We love fast, and we love efficient. But we also like to see healthy competition driving innovation. And again, on the desktop, there’s not enough of that to push Intel. Ivy Bridge-based CPUs are generally a small step up from the generation prior. And although the Sandy Bridge architecture included a number of notable improvements, unprecedented integration gave away Intel’s growing focus on mobility. Even as we got our hands on great features like Quick Sync, Intel was chiseling away at its enthusiast equity by limiting overclocking to K-series SKUs.
Expect more of the same from Haswell. You're going to see notable per-clock performance improvements, faster graphics, and additional features able to accelerate specific workloads. But you’re also going to witness a clumsy handling of overclocking (again), some strange decisions on the graphics side (again), and incremental gains that’ll have some of us upgrading our desktops, but more folks looking for Haswell-powered mobile platforms.
That's entirely by design, by the way. An emphasis on power is front and center with Haswell. And as a result, this architecture is going to span the broadest range of devices Intel has ever touched with one design. But I’ll argue that enthusiasts on the desktop take a back seat to make it all possible.

Meet Haswell, Now Known As Intel’s Fourth-Gen Core Architecture

Intel is rolling out the details of its Haswell-based processors in a staggered launch. The company plans to ship multiple variations of the architecture across a number of different interfaces, from very low-power segments to very performance-sensitive ones. However, the only arrangement emerging today is the quad-core SoC. Technically, Intel is talking desktop and mobile, though we’re deliberately focusing on the Core i7-4770K desktop CPU. I published a preview of Core i7-4770K’s performance almost three months ago, and that story has some information about Intel’s plans as well.
Haswell-based quad-core processors will ship in two configurations to cover the mobile and desktop markets.

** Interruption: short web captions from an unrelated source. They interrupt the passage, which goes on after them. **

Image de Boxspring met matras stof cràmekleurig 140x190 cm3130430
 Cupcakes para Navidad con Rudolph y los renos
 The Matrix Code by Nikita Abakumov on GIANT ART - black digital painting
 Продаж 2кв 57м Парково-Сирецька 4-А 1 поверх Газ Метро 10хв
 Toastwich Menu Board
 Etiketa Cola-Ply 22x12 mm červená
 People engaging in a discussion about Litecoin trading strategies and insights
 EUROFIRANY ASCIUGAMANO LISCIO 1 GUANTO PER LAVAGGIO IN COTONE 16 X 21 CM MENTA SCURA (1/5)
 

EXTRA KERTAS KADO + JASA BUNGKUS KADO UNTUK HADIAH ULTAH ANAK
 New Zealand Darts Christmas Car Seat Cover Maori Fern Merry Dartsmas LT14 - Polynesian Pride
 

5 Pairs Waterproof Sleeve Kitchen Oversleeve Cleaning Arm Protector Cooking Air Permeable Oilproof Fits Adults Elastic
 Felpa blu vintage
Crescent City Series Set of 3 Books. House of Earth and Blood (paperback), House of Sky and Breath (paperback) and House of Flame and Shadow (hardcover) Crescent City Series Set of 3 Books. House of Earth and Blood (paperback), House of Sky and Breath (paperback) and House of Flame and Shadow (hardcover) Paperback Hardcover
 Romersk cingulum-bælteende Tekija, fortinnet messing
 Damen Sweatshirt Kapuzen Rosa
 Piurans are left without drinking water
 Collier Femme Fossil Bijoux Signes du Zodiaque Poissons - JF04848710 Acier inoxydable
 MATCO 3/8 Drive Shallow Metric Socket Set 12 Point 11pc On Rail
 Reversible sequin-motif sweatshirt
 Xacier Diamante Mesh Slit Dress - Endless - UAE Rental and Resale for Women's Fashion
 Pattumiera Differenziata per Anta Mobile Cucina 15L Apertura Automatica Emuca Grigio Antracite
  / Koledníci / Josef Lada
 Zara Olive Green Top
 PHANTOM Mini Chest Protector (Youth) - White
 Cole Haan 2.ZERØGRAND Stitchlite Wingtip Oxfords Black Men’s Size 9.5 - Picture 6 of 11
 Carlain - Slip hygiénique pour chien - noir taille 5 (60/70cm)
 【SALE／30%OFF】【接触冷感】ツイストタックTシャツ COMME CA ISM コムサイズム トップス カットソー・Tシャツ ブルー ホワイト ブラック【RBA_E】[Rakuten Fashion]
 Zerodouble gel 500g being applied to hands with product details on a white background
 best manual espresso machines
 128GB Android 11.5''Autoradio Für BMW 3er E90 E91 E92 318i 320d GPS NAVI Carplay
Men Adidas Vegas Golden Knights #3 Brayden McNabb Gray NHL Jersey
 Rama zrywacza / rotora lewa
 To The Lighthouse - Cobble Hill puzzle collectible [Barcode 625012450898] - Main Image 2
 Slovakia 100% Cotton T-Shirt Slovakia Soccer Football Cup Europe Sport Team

Only one is ready today, though. That chip features the HD Graphics 4600 engine, also known as GT2. The second, with Iris Pro Graphics 5200 (or GT3e) is coming later. Intel's engineers claim that Iris Pro scales incredibly well given a lofty power ceiling and enough cooling. However, CPUs endowed with the higher-end graphics engine are BGA-only, meaning they’re soldered down. So, enthusiasts buying LGA 1150-equipped motherboards will only find Core i7 and Core i5 CPUs with four cores and HD Graphics 4600 (technically, there’s also a 35 W Core i5 with fewer cores, but it’s still under wraps).
This implementation of Haswell is composed of 1.6 billion transistors, up from a comparable Ivy Bridge configuration’s 1.4 billion. Optimized expressly for Intel’s 22 nm node, the die measures 177 square millimeters, just slightly larger than quad-core Ivy Bridge at 160 mm².
Put Ivy Bridge and Haswell right next to each other and you might have a difficult time telling them apart. After all, there’s “only” a 200 million-transistor delta separating the two. That 14% growth in transistor count largely comes from a 25% increase in graphics resources compared to last generation.
That’s not to say the processor cores go untouched. Intel says it put specific emphasis on speeding up both today’s legacy code as well asapplications we’ll see in the future. To that end, larger buffers enlarge the out-of-order window, which means instructions that would have previously waited for execution can be located and processed sooner. Haswell’s window is 192 instructions. Sandy Bridge was 168. Nehalem was 128. The Haswell branch predictor is improved, too. This is something Intel manages to do every generation—and for good reason, since it simultaneously enables better performance and prevents the wasted work of a branch getting predicted incorrectly. Previously, Intel’s architecture was able to execute six operations per clock cycle. However, Haswell gets two additional ports (one integer ALU and one store), enabling up to eight operations per cycle. And workloads with large data sets should see a benefit from a larger L2 TLB.
All of those changes add up to significant improvement in Haswell’s IPC compared to Ivy Bridge. That’s where we expect most of the speed-up in general-purpose apps to come from this generation, since the top-end Core i7-4770K runs at the same 3.5 GHz as -3770K.
Sure enough, when we set five different processors (employing four different architectures) to the same constant 4 GHz, we see, first, how much more work Intel gets done compared to AMD and, second, a steady progression forward in Intel’s performance.
In addition to the two execution ports Intel adds to Haswell, ports one and two now feature 256-bit Fused Multiply-Add units, doubling the number of peak theoretical floating-point operations per cycle. Integer math gets a big boost as well from AVX2 instruction support.
Of course, multiplying the architecture’s compute potential means little if you can’t get data into the core fast enough. So, Intel also made a number of changes to its caches. Haswell’s L1 and L2 caches are the same size as they were in Ivy Bridge (there’s a 32 KB L1 data, 32 KB L1 instruction, and 256 KB L2 cache per core). Bandwidth to the caches is up to doubled, though, and we’ll see in our synthetic testing that the L1D is indeed quite a bit faster. Intel claims that it can do one read every cycle from the L2 (versus one read every other cycle in Ivy Bridge), but we aren’t able to replicate those figures in our own testing.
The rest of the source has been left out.